Tatjana Pavlenko promoted to Professor of Statistics at Uppsala University
The Deputy vice-chancellor of Uppsala University has promoted Tatjana Pavlenko to Professor of Statistics from 1 October 2021.
Large-scale statistical learning
(Image removed) Tatjana Pavlenko, Professor at the Department
of Statistics
Tatjana Pavlenko’s research interests lie in the broad and active area of large-scale statistical learning which refers to a body of statistical and computational methodologies for discovering important features of input data. The term “large-scale” refers to volumes of massive and complex information possibly collected from heterogeneous sources where the number of automatically measured features can be far greater than the number of observational units.
Application domains are very wide and include astrophysical source detection, signal processing and biomedical research such as functional genomics and proteomics, drug development, and forensics, just a few to name. In such type of applications, largescale datasets are nowadays generated at much lower costs due to advancements in computational technology and increase of computing power, and statistical methodology struggles, most often successfully, to keep up with the rapidly growing rate of scientific data production.
Understand what data says
As statisticians, our major goal is to gain valuable knowledge from these types of data, that is to capture predictive structural patterns and important trends, i.e. to understand what data says. That is what we call for statistical learning, i.e. learning from data, says Tatjana Pavlenko.
Biomedical applications of methodological findings
As many statisticians, I have a theoretical, and rather mathematical background, but biomedical applications of methodological findings have always attracted my interests. Current medical genetic studies show that many diseases such as cancer, multiple sclerosis and diabetes are complex systems whose behavior can be studied using statistical modeling in high dimensions, she says.
Revolutionary biomedical devices such as microarrays and microbial genome sequencing make it possible to assess the individual activity for thousands of genes at once, however the problem of surveying so many features simultaneously is still statistically challenging due to the high-dimensionality phenomena, which renders conventional multivariate inferential methods inappropriate, explains Tatjana Pavlenko.
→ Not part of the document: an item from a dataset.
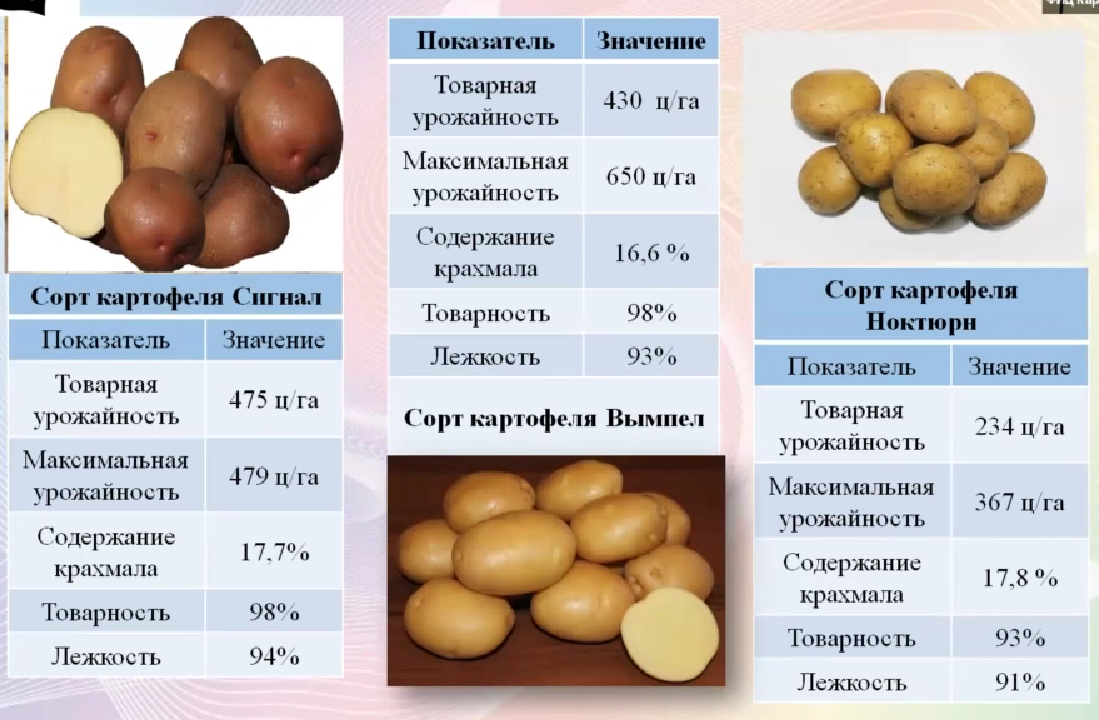 Картофель лорх описание сорта фото. Селекция картофеля. Картофель удлиненной формы сорта. Сорт картофеля продолговатой формы. Картофель вытянутой формы сорта.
Methodological research conducted by Tatjana Pavlenko and her colleagues addresses this challenge. One of our resent developments is the novel, supervised learning-based framework for high-dimensional classification and prediction problems, which is developed jointly with Associate Professor Rauf Ahmad from the Department of Statistics, Uppsala University, says Tatjana Pavlenko. In particular, we have designed an efficient classification procedure which, besides a number of interesting theoretical properties, can scale very high-dimensional datasets on a resource-limited device and does not require any data pre-processing such as dimensionality reduction algorithms. Real-life applications in the context of automated discriminating between the different types of lymphoid malignancy demonstrated a very high performance accuracy when using more than 5000 gene expressions and only 77 patients.
In addition to the high dimensionality issue, the relevant effects are often sparse: out of a huge number of automatically measured features most of them are merely containing noise and only a small fraction contains signals, or information of interest. The sparsity of relevant information hidden in a high-dimensional dataset is a very special setting which poses a needle-in-a-haystack detection problem, says Tatjana Pavlenko. To tackle this problem, we jointly with Professor Natalia Stepanova from Carlton University, Canada, have developed some theoretical ideas for detecting certain types of sparse and weak effects in high dimensions, with which we have seen fascinating new behaviours.
Our results not only shed light on the general problem of detection of sparse and weak effects but also contribute to the development of practical statistical learning methodologies which combine high-dimensional statistical inference with algorithmic thinking. Jointly with Fredrik Boulund and Justine Debelius from the Center for Translational Microbiome Research at Karolinska Institutet, and Annika Tillander, from the Division of Statistics and Machine Learning at Linköping University we launch the sparse-weak signal detection algorithms to analyse differently abundant features in the human gut microbiome, explains Tatjana Pavlenko.
Artificial Intelligence (AI) and machine learning
Uppsala University gives me an opportunity to continue to work with my ideas in the frame of AI4Research, an exiting project which focuses on strengthening, renewing and developing research in Artificial Intelligence and machine learning. Due to its cross-disciplinary nature, this project is very rewarding and allows me to work with both theory and practice, and possibly identify new areas where my research results can be applied, says Tatjana Pavlenko.
Tatjana Pavlenko, professor in Statistics at the Department of Statistics, Uppsala University.